Mais nous sommes dans un monde où de plus en plus ceux qui ne savent pas, ceux qui n'ont pas accès à la connaissance sont marginalisés. Il y a encore cinquante ans quelqu'un qui ne savait ni lire et écrire, trouvait facilement un emploi et pouvait vivre normalement. Aujourd'hui c'est impossible. Demain, ce ne sera même pas imaginable et nous avons un retard considérable les uns et les autres. Nos problèmes sont peut-être différents sur le plan technique mais ils ont la même nature. Les mêmes conséquences, la même ampleur.

Alors, je disais que ce troisième partenariat devrait être celui de l'éducation : préparer les jeunes de demain à pouvoir s'insérer et s'épanouir dans une société qui sera de plus en plus technicienne. Il y a de nouveaux moyens que nous apportent le multimédia, l'informatique, et qui créent une véritable révolution dans nos civilisations. Nous devons ensemble réfléchir et nous entraider pour les mettre en oeuvre au service des jeunes de tous nos pays.

Voilà ce que je souhaitais proposer au Président en lui indiquant que cette réunion, qui serait ensuite régulière, pourrait avoir lieu un premier jour entre le MERCOSUR et l'Union européenne parce que nous sommes les pionniers en matière d'intégration régionale, un peu en avance sur notre temps. Et le deuxième jour avec l'ensemble des pays d'Amérique latine qui sont évidemment destinés à s'intégrer tous dans l'ensemble latino-américain.

Nous avons évoqué tous ces projets tout à l'heure et j'ai voulu également remercier le Président pour la qualité de nos relations culturelles et lui dire combien je souhaitais les amplifier.

J'ai été frappé, à Paris, par le succès de la magnifique exposition d'art religieux du Paraguay, présentée à Paris et que vous aviez d'ailleurs inaugurée, Monsieur le Président, lors de votre visite qui a bien marqué, je l'ai noté, l'intérêt que la France porte à votre pays, à son histoire, à ses traditions, à sa culture, même si elle n'avait pas, si notre pays n'avait pas suffisamment, accès à cette culture.

Il est vrai que l'expérience jésuite avait suscité au XVIIIe siècle le débat et la passion chez les philosophes français. Mais je crois que nous serions en mesure aujourd'hui de renforcer là aussi nos liens. Je vous ai donc proposé que la prochaine et première commission culturelle scientifique et technique qui doit se tenir ici à Asunción, au lieu de se tenir comme il est d'usage, au niveau de nos experts, se tienne au niveau de nos ministres à la fois pour souligner son importance mais aussi pour que des décisions plus politiques, plus volontaristes, puissent être prises.

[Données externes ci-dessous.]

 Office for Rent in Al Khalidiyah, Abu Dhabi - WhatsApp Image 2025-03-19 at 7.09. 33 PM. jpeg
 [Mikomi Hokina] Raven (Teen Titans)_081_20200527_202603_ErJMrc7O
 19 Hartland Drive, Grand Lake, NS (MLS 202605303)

Monsieur le Président, je m'aperçois que j'ai été long et que j'avais encore beaucoup de choses à dire mais je ne veux pas abuser de votre temps.

Je voudrais simplement terminer en vous disant que je crois profondément à l'avenir de votre pays, à ce qu'il peut apporter de fort, à l'ensemble latino-américain et notamment à l'ensemble du MERCOSUR, que je crois qu'on doit jouer la carte du Paraguay et qu'en tous les cas mon conseil à nos hommes d'affaires, à nos hommes de culture, à nos hommes de science, c'est de jouer avec détermination la carte d'un Paraguay où j'ai observé que nous étions bien accueillis.

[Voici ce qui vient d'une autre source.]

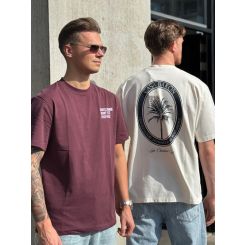 Croyez - Classique T-shirt - Rood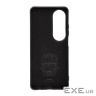 Чохол до мобільного телефона Armorstandart ICON OPPO A60 4G Black (ARM78573)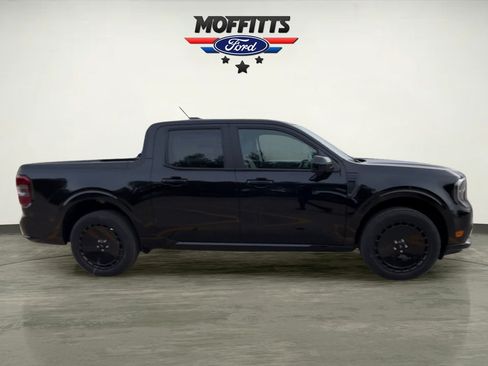 New 2026 Ford Maverick Lobo AWD/4WD image 6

Ce matin en allant rendre hommage à vos pères fondateurs, au Panthéon, j'ai été frappé de voir tous ces garçons et toutes ses filles qui étaient là. Naturellement on peut toujours amener des enfants des écoles, mais quand on a un peu d'expérience, ce qui est mon cas, et que l'on regarde les enfants, on voit très bien lorsqu'ils ont été amenés et qu'ils sont là sur ordre ou bien lorsqu'ils sont contents. Cela se voit dans leur regard, cela se voit dans leur sourire, cela ne trompe pas. Ca dissimule mal un enfant. C'est une mauvaise chose d'ailleurs que les adultes aient perdu cette qualité de ne pas dissimuler. Mais ce matin j'ai bien vu que ces enfants ne dissimulaient pas. Ils étaient contents. Ils disaient gentiment des mots d'accueil alors cela m'a fait plaisir.

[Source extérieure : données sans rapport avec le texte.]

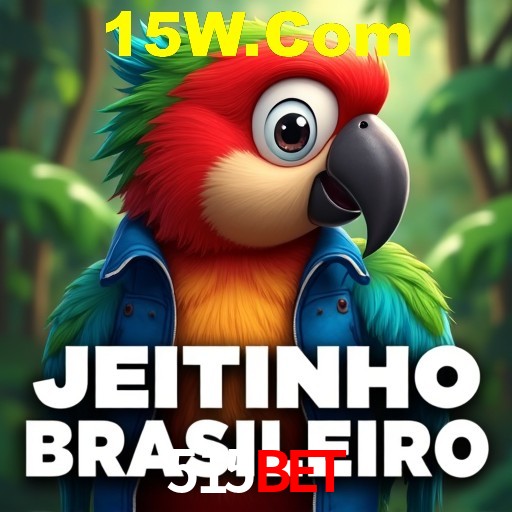Casino Ao Vivo 515Bet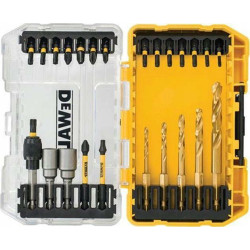 DT70735T-QZ DEWALT FLEXTORQ END-KIT 25 vnt.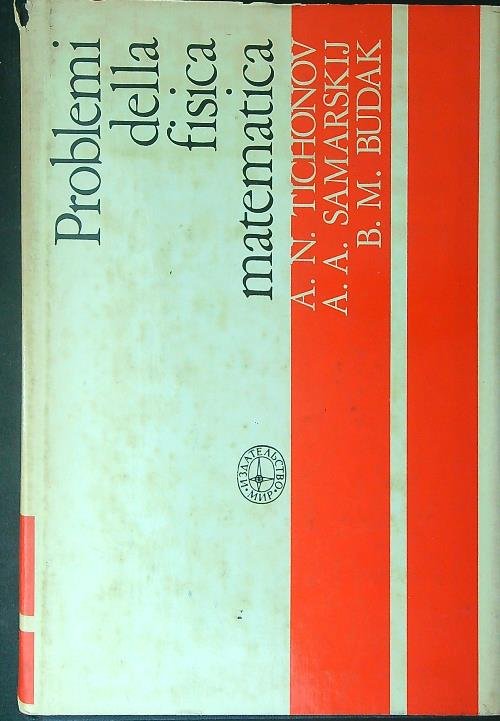 Problemi della fisica matematica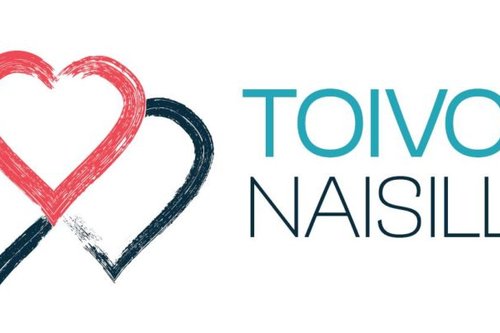Toivoa naisille -lähetyspiiri Toivoa naisille -lähetyspiiri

Monsieur le Président, je souhaite que cette visite permette en quelque sorte entre votre beau pays et le mien des retrouvailles qui sont dans la nature des choses, que vous souhaitez et que je souhaite.

J'évoque, en terminant, mon souhait de voir le renforcement des liens entre nos deux nations, ce n'est pas une formule diplomatique, je ne la lis pas sur mon discours, je la dis du fond du coeur.